Isn’t this grand? Cable is full of porn, but more Americans favor censorship of books than of movies, TV programs or video games. What a touching tribute to the power of the printed word. More stats and scary insights are in Library Journal, which quotes the Harris Poll. An excerpt from LJ:
"In 2011, 18 percent of adults surveyed answered yes to the question ‘Do you think that there are any books which should be banned completely?’ In the most current study, published July 8, 28 percent answered the same question in the affirmative—a ten point increase—with 24 percent of those surveyed unsure.
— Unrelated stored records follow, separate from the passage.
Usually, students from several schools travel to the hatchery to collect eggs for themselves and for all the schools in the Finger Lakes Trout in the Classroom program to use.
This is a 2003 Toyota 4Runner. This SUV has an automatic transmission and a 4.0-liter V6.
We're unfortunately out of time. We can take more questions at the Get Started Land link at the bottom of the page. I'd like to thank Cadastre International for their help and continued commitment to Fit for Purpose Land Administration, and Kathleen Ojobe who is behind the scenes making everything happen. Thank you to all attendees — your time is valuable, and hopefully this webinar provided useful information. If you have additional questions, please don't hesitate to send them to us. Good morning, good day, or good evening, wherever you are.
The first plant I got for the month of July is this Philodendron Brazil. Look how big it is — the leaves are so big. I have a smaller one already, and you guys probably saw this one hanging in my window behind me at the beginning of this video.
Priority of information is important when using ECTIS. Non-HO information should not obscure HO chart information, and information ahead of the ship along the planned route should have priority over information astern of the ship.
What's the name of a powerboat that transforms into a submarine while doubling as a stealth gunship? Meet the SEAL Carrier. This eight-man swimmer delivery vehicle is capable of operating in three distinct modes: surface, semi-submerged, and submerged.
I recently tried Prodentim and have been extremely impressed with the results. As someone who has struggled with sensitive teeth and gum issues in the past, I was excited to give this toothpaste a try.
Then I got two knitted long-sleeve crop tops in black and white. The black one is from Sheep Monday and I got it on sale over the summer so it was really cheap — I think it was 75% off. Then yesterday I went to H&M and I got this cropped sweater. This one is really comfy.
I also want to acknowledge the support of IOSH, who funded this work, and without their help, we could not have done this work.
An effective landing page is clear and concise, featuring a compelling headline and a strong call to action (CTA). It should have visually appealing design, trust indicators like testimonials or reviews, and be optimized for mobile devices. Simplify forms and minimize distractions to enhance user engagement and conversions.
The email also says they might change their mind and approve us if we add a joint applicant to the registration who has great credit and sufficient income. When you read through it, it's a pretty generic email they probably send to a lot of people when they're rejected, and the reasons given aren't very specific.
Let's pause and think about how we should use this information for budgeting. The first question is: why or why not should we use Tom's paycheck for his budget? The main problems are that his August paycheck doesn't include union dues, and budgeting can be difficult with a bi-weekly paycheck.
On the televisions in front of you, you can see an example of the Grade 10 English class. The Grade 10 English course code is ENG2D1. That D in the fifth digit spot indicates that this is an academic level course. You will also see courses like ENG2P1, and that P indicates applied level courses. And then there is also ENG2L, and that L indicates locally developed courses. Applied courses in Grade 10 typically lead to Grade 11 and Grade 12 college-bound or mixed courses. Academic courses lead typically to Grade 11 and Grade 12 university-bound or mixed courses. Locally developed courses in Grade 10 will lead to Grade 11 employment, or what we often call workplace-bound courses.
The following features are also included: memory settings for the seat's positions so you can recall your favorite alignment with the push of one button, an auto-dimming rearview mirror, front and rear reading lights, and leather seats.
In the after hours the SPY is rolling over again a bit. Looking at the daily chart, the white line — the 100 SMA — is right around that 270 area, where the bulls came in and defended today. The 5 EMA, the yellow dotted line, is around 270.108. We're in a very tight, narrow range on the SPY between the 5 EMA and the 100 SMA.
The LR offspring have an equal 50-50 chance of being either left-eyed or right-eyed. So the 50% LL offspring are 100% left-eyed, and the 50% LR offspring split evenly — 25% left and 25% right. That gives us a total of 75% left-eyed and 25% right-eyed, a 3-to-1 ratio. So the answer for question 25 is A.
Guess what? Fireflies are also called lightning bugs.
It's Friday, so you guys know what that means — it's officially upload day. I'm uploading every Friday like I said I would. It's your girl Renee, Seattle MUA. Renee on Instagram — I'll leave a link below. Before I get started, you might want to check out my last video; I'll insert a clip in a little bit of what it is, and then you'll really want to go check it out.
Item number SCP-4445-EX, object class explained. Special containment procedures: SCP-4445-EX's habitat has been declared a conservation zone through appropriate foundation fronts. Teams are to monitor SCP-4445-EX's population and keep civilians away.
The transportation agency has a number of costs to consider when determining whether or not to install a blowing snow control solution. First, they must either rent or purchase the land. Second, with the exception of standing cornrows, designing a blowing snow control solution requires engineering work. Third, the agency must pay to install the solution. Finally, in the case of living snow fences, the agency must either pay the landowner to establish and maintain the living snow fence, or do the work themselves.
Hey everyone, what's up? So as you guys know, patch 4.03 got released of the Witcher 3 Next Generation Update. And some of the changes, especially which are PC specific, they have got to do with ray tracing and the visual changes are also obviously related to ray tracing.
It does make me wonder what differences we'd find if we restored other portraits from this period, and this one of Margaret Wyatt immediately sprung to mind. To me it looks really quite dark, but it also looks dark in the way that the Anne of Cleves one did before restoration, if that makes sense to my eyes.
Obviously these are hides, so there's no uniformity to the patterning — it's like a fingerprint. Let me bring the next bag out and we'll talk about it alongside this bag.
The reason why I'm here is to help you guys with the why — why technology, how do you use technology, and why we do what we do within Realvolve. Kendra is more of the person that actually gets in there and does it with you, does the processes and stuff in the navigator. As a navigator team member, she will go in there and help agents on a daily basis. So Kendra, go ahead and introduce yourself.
This means nearly half of those surveyed are still convinced that no books should ever be banned, but the implications of the findings still deserve attention. ‘While it’s still a minority perception…I felt that from 18 to 28 percent in just four years was rather surprising growth,’ said Larry Shannon-Missal, managing editor at the Harris Poll."
Harris itself reports that “seven in ten adults believe a rating system (similar to that used for movies) should be applied to books (71%).”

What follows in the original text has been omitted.